Выбрать главу

Перемена общественного отношения к поэзии и вызванная ею перестройка жанровой системы, т. е. представление о поэзии как заполнении культурного досуга и выдвижение на первый план «досужих» жанров, – все это меняло и самый образ поэта, и его положение в обществе.

В литературе положение поэта, имеющего дело с жанрами ведущими, канонизованными, освященными традицией (такими, какими были эпос и драма для поэтов предыдущего периода), – совсем иное, чем положение поэта, имеющего дело с жанрами периферийными, неканонизированными, текучими, экспериментальными. Здесь, в этих новых жанрах, возможности творческой инициативы гораздо больше, здесь слава новаторства приобретает цену: в эпосе и трагедии самый лучший поэт после Гомера и Софокла может притязать лишь на славу малого в великом, в мелких же эллинистических жанрах не имеющий предшественников поэт притязает на славу великого в малом. В Александрии такую концепцию новаторского пафоса выдвинул Каллимах, в Риме ее с готовностью переняли неотерики. Энний тоже учился у александрийцев и перенимал их технику очень спешно, но использовал ее для утверждения в Риме доалександрийских, классических жанров: в эллинистической поэзии ему была важна ее связь с прошлым, ее материал. Для Катулла с товарищами в эллинистической поэзии важно ее отталкивание от прошлого, ее метод. У Энния не было за плечами, как у александрийцев, вековой поэтической традиции, от которой можно отталкиваться (а где она была, там он от нее и отталкивался – как от долитературного и невиевского сатурнийского стиха, «каким вещуны певали и фавны», фр. 232). У Катулла такая почва для отталкивания уже есть, неотерики ощущают свое новаторство так, как ощущал его Каллимах, и их сверстник Лукреций с гордостью пишет свое «По бездорожным полям Пиерид я иду, по которым раньше ничья не ступала нога…» и т. д. (IV, 1–5).

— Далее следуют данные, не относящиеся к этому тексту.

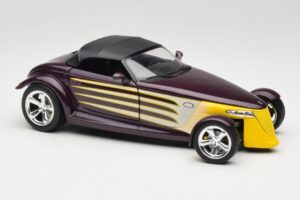 Plymouth Prowler Prowler Purple Anson 1:18 30367 Druckguss — Bild 6 von 8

Гордость Энния была в том, чтобы быть вторым Гомером, в котором живет душа первого; гордость нового поэта в том, чтобы быть самим собой. Лишь потом, когда напряженность культурного перелома минует, пойдут в ход такие комплиментарные выражения, как «второй Алкей», «второй Каллимах» и пр. (Гораций, «Послания», II, 2, 100), которые сложатся в конце концов в целую систему «синкрисиса» греческих и латинских классиков всех жанров (Квинтилиан, X). Покамест же справедливо было отмечено18, что при всем пиетете римских поэтов I века до н. э. перед Каллимахом конкретных реминисценций из Каллимаха в их стихах мы находим исчезающе мало – именно потому, что у Каллимаха они учились не приемам, а литературной позиции.

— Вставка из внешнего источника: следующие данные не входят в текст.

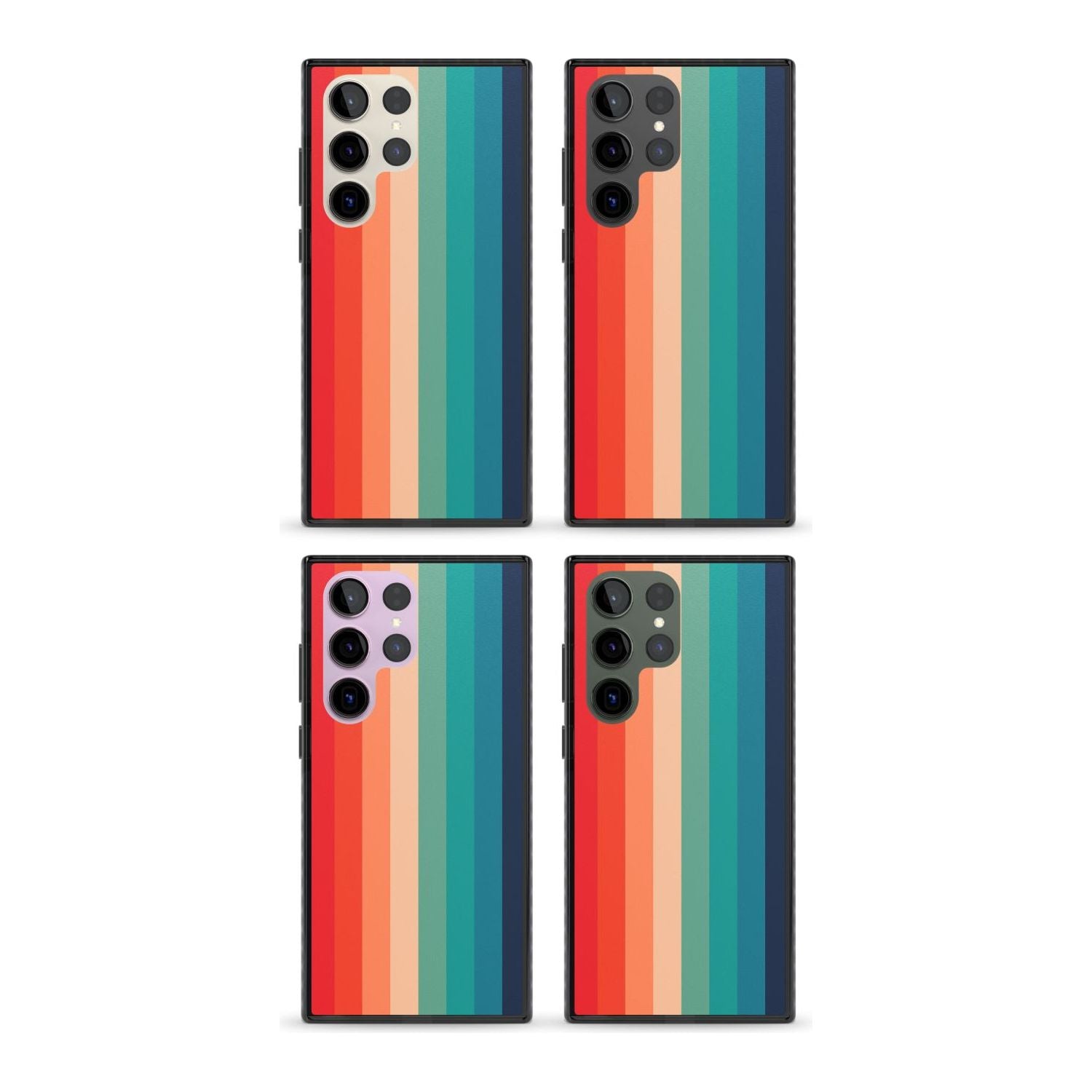 Retro 70'S Colour Palette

В обществе положение поэта теперь означало положение человека, обладающего досугом, т. е. либо политика в промежутке между делами или в отставке после дел; либо имущего человека, сознательно уклоняющегося от общественной деятельности; либо молодого человека, по возрасту и социальному положению еще не приступившего к ней. Первая из этих ситуаций была предметом раздумий Цицерона, когда он набрасывал картину otium cum dignitate в речи «За Сестия» (98 и др.) – для стихотворства на таком досуге Цицерон находил место на практике, но не в теории. Вторая была впервые продемонстрирована Луцилием: его род принадлежал к сенаторскому сословию, ему была открыта обычная политическая карьера19, но он предпочел остаться всадником, как поколение спустя Аттик и еще поколение спустя Овидий. Третья ситуация была представлена Катуллом: родом из Вероны, еще не имевший римского гражданства, он (хоть, может быть, с неохотой) пролагал собой дорогу в правящее сословие для своих предполагаемых потомков, состоя в «свите» (cohors) таких заметных общественных фигур, как Гай Меммий и Лициний Кальв. Состоятельность была непременной предпосылкою всюду: бранясь, Катулл попрекает Фурия именно фантастической нищетой (№ 23 и № 26; впрочем, такую же маску нищеты он иронически надевает и на себя в № 13). Это – противоположность той фигуре стихотворца-драмодела, зарабатывающего пером, которую мы знаем по предыдущему периоду; теперь даже если поэт-всадник Лаберий развлекается, сочиняя мимы, то выйти на сцену, признав тем свою причастность к коллегии «писцов и лицедеев» (как заставил его выйти Юлий Цезарь. – Макробий, II, 7), для него – позор.

вернуться

18

См.: Ross D. О. Backgrounds to Augustan poetry: Gallus, elegy and Rome. Cambridge, 1975. P. 6.

вернуться

19

Ученым XIX века всадническое положение Луцилия казалось само собой разумеющимся; что за ним стоял сознательный жизненный выбор, напоминает: Williams G. Tradition and originality… P. 449–452.